By William Barnhart, Columnist
With the recent closure and delaying of university operations, there has been a great deal of discussion of the choices made by the university. It is undeniable that the school was justified in closing Wednesday. But not everyone believes that you should be excited about a snow day. Instead, some professors or students may claim that other students should be against having any. These reasons arise from arguments based on the financial costs of classes and the value of the education. I believe that these arguments are not necessarily applicable to snow days due to the amount of material covered in a semester.
Some people claim that students lose money when classes are cancelled. The issue with this claim is that it assumes that one class cancellation could make a difference in the quality of your education. It would require multiple class cancellations in order to have a significant impact on a student’s education. The unfortunate truth is that many students are not able to invest the time to learn their curriculum at a comfortable pace. This is usually due to classes conflicting with each other in terms of workload and difficulty. Even students who can manage their time effectively may find themselves struggling to catch up in their classes. As a result, students would have less time to study and they would be more inclined to favor a day off. Some students even say that the most learning is done at the end of the semester when they have to study for their final exams. There is more time to study for final exams than for midterms because there are usually not as many assignments holding them back from studying for their final exams. Having a snow day could be a great opportunity for someone to study for an exam that’s around the corner.
People could argue that better time management could solve these problems, but not all classes are alike. A school closure could mean the world to students because it would give them an opportunity to get their work done and they wouldn’t have to worry about skipping class, if necessary. This could be a issue for students with intense workloads, which could cause them to go a night without sleeping. This could be even more serious for commuter students. Commuting could be a issue when combined with sleep deprivation. Commuter students don’t have the same resources as those who live on campus, which could make their lifestyles more difficult when combined with travel time.

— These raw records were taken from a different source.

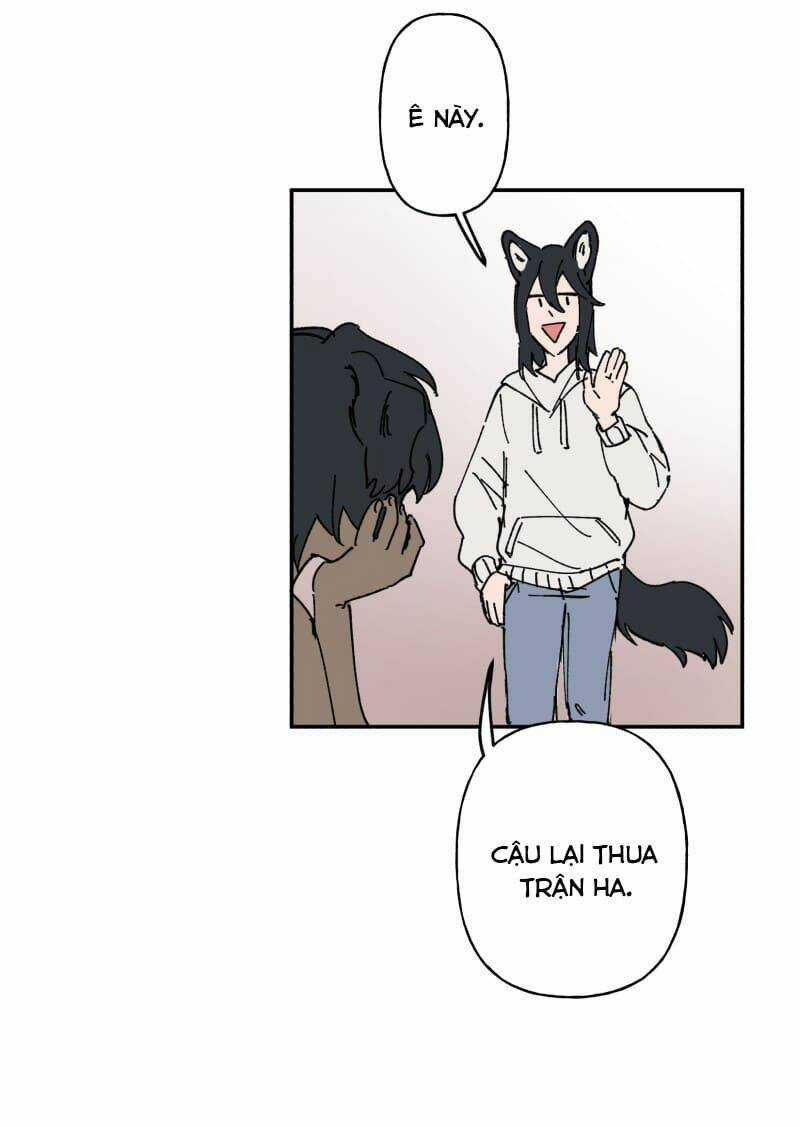 Cội Nguồn Ánh Sáng Chapter 106 trang 24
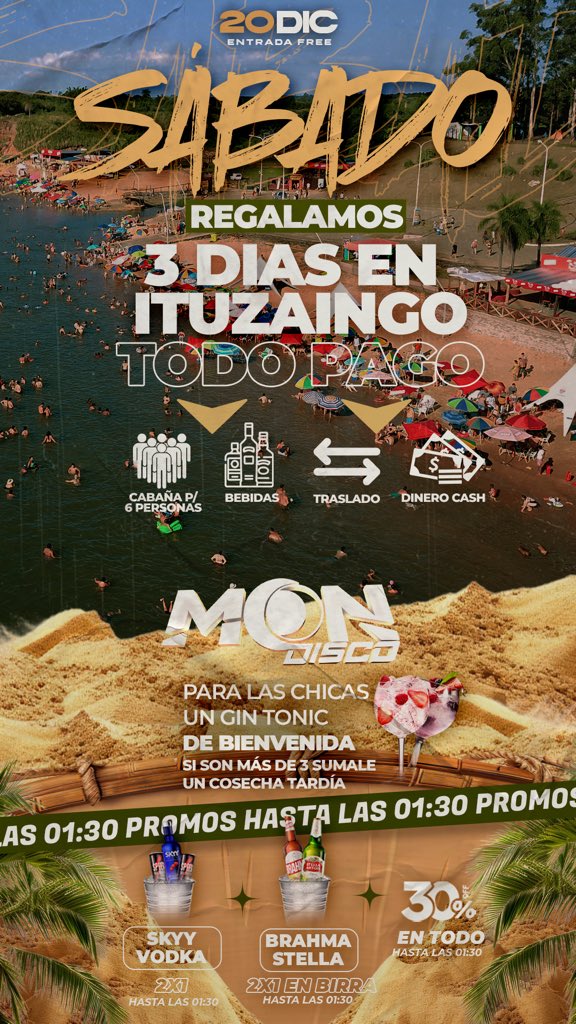 MOON DISCO tweet media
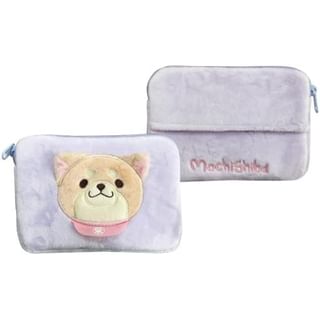 Chuken Mochi Shiba Mini Tissue Pouch N Sakura 1 pc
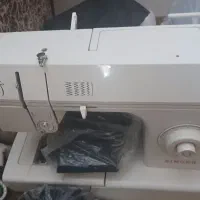 چرخ خیاطی سینگر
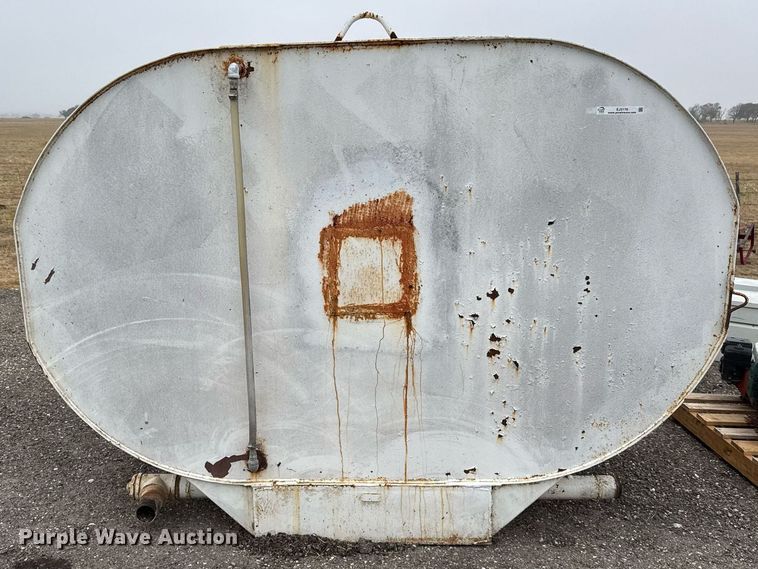 image for item EJ3170 Water tank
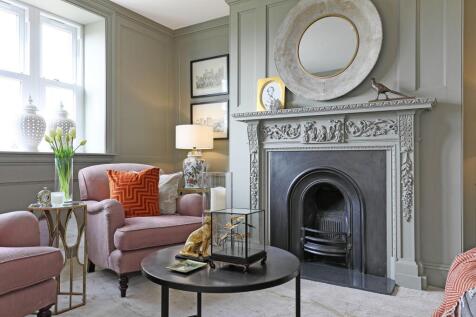 Library Lounge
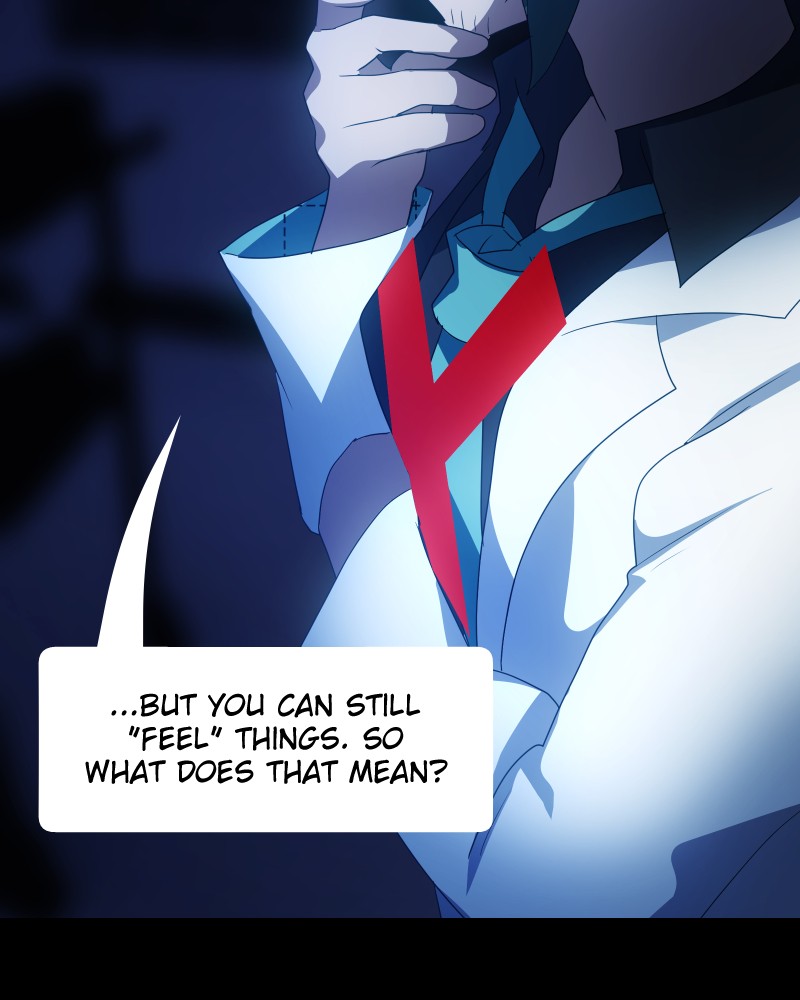I’m the Grim Reaper chapter 99 - page 133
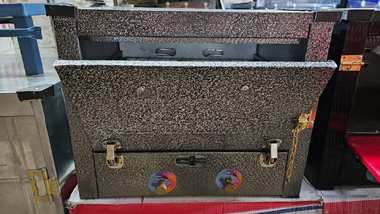 فرن ميكروغاز بديل الميكرويف من مصنع مكة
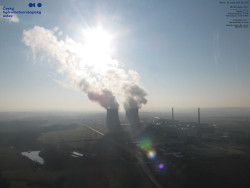 Jaderná elektrárna Dukovany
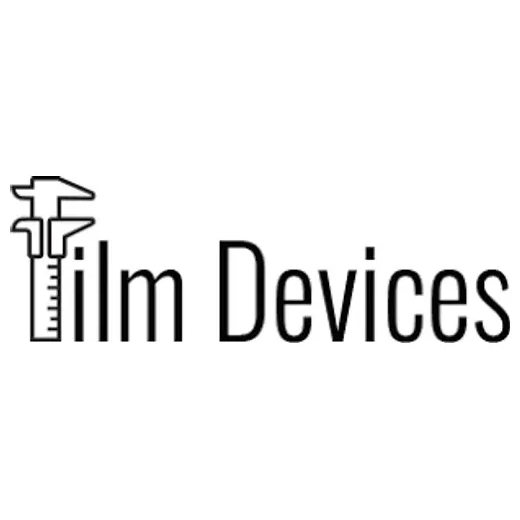 Film Devices brand logo for filmdevices.com
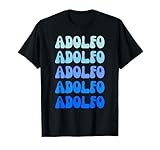 Specially for Adolfo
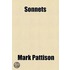 The Sonnets Of John Milton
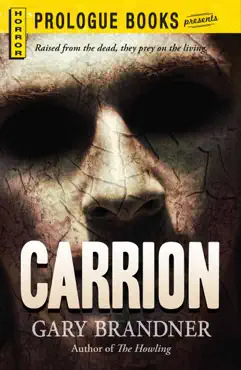 carrion book cover image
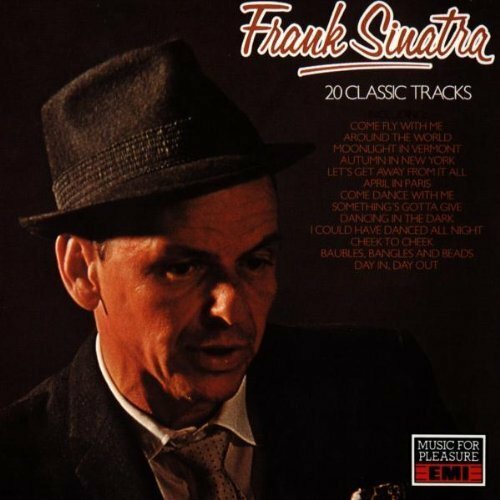 Frank Sinatra (CD) 20 Classic Tracks (EMI) - Bild 1 von 1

Some students have to work while they are attending classes in order to pay for those classes, and their work schedule could even conflict with their class schedule. For them, a day off could be an opportunity to catch up with their classes because their employment status requires them to invest time elsewhere.
The cancellation of classes a week after spring break should not be used to make students feel ashamed. Some students needed an opportunity to rest over spring break in order to prevent burnout. Not everyone has a choice when it comes to doing work because some people are simply too exhausted. That’s why some students are desperate when it comes to class cancellations.